Two things happen to whiskey as it ages:

1) It picks up flavor from the casks. This…actually isn’t that hard to accelerate. Adding wood chips or a honey-comb type lattice greatly increases the exposed surface area and thus how quickly it acquires that favor.

2) Sulfates and a few other compounds are able to pass into and through the barrels, leaving the whiskey. These are responsible for a lot of the harsh/unpleasant flavor you get in cheap shooting whiskeys compare to nicer sipping ones and so far there has not been a reliable and cheap way to eliminate them discovered outside of time that doesn’t come with some other downside.

Okay and…3: you get to brag that it’s old and mark up the price. There are diminishing returns for both 1 and 2 as more time passes.

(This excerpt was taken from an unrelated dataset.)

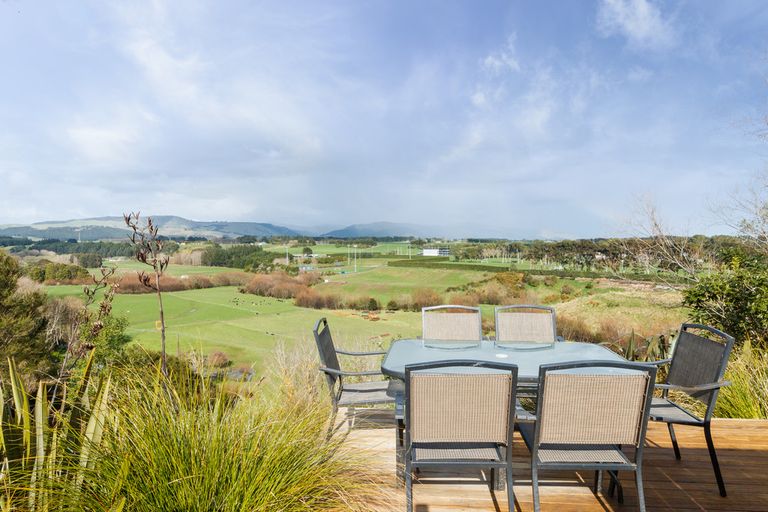Photo of property in 19 Springdale Grove, Fitzherbert, Palmerston North, 4410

And no, it doesn’t apply to everything. It depends on what’s in the alcohol in the first place and whether you want that particular drink picking up flavors from its container.

Edit for spelling.

Second edit due to number of replies: Sorry y’all, I really should have said something like “two desirable things” or “two main things good for the taste”. There *is* more going on, significantly the evaporation several have mentioned and a small reduction in ABV that comes with it. I was trying to describe the two main reasons aging improves taste/desirability as opposed to things incidental to that effort like the evaporation loss.